Turkiye marks 10th anniversary of National Day with events

By Park Sae-jin Posted : July 2, 2026, 17:28 Updated : July 2, 2026, 17:28
This image shows the Turkish Presidency's Head of Communications, Burhanettin Duran. Courtesy of the Presidency of the Republic of Türkiye Directorate of Communications

SEOUL, July 02 (AJP) - Turkiye will hold thousands of commemorative events across all 81 provinces and in cities on four continents this month to mark 10 years since a faction of the Turkish military tried to seize power on the night of July 15, 2016. The scale of the campaign reflects how deeply that night is woven into the country's modern identity, remembered less as a crisis than as the moment ordinary citizens stood between their government and a takeover.

The Presidency's Directorate of Communications, the government body that manages President Recep Tayyip Erdogan's public messaging and coordinates state media strategy, said in a statement on Wednesday (local time) the anniversary program will include commemoration tents in all 81 provinces, a 253-vessel maritime procession on the Bosphorus, the strait that splits Istanbul between Europe and Asia, and panels held abroad in Berlin, Tirana, Brussels, Sarajevo, Jakarta, Pretoria, The Hague, Bern and Abuja.

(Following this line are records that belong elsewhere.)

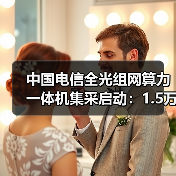 中国电信全光组网算力一体机集采启动：1.5万台需求引关注（图1）
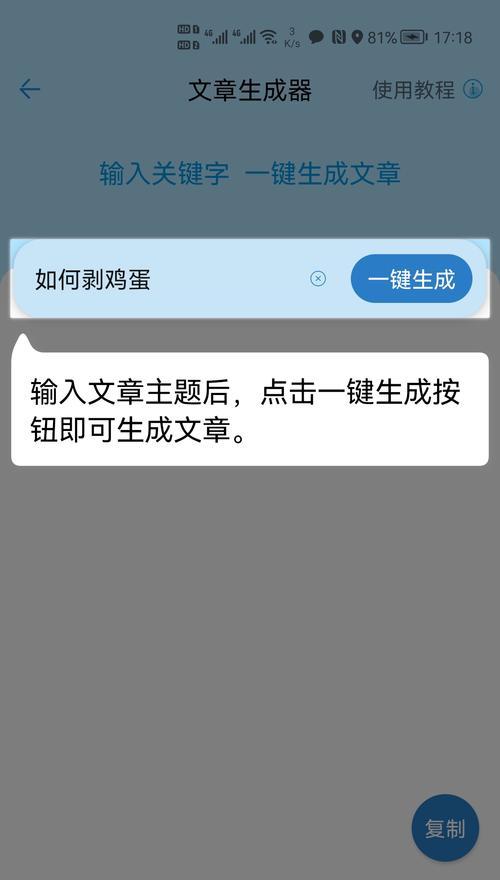 AI原创文章生成器如何使用？常见问题有哪些？  第3张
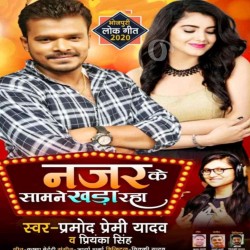 Nazar Ke Samne Khada Raha Image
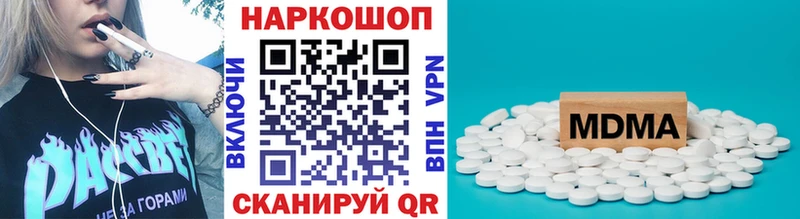 Экстази Анива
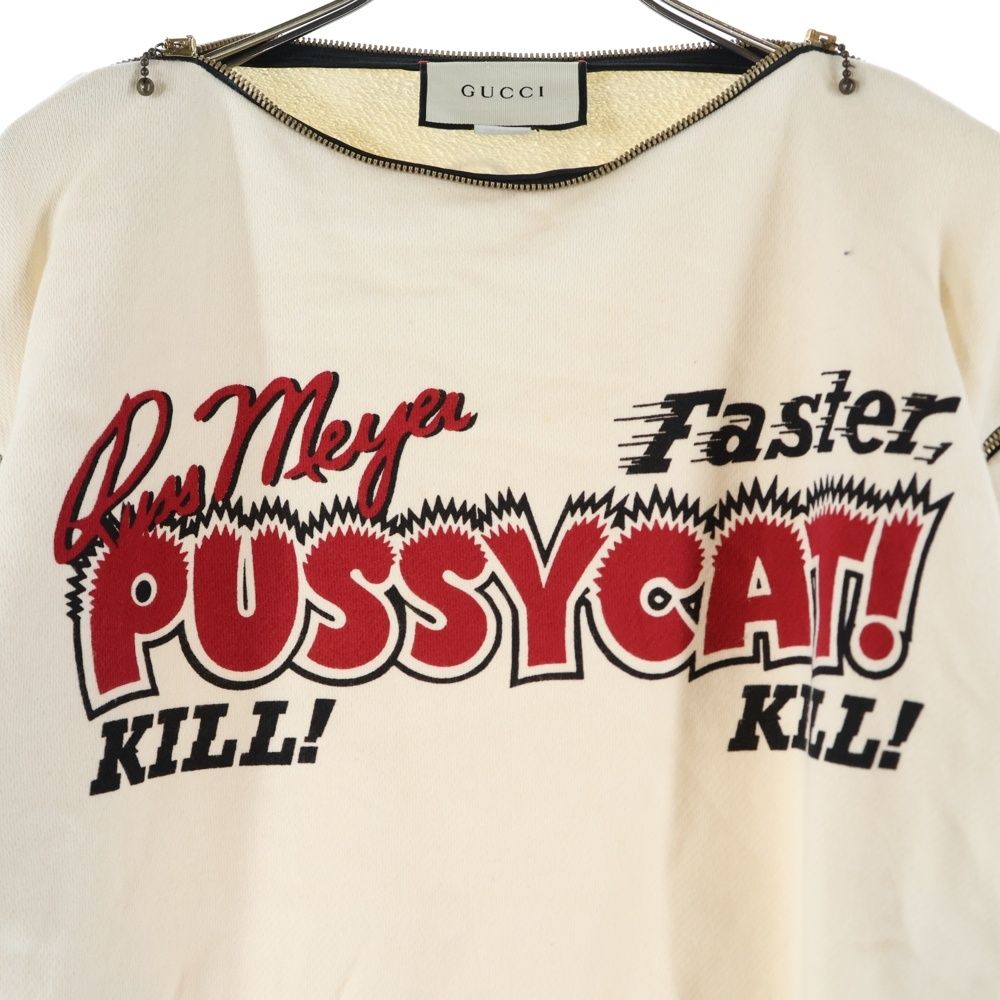 GUCCI (グッチ) Zip Sweatshirt ジップ クルーネックスウェット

Burhanettin Duran, the Presidency's head of communications, laid out the plan to reporters in Ankara, describing a National Memory Project built on public and private submissions that has already drawn more than 3,000 entries.

The events trace back to a single night. On July 15, 2016, soldiers loyal to a faction inside the Turkish armed forces closed two bridges over the Bosphorus, sent tanks into the streets of Istanbul and Ankara, and bombed the parliament building in the capital. Erdogan, on vacation on the Aegean coast when the coup began, reached the public by calling into CNN Turk on FaceTime and urging citizens to head into the streets and squares. Large numbers answered that call. Some stood in front of tanks. Mosques broadcast the sela, a call to prayer normally reserved for funerals, to pull people outdoors. Within about 24 hours, the coup had collapsed, undone largely by that civilian response rather than by any rival military faction. More than 250 people were killed.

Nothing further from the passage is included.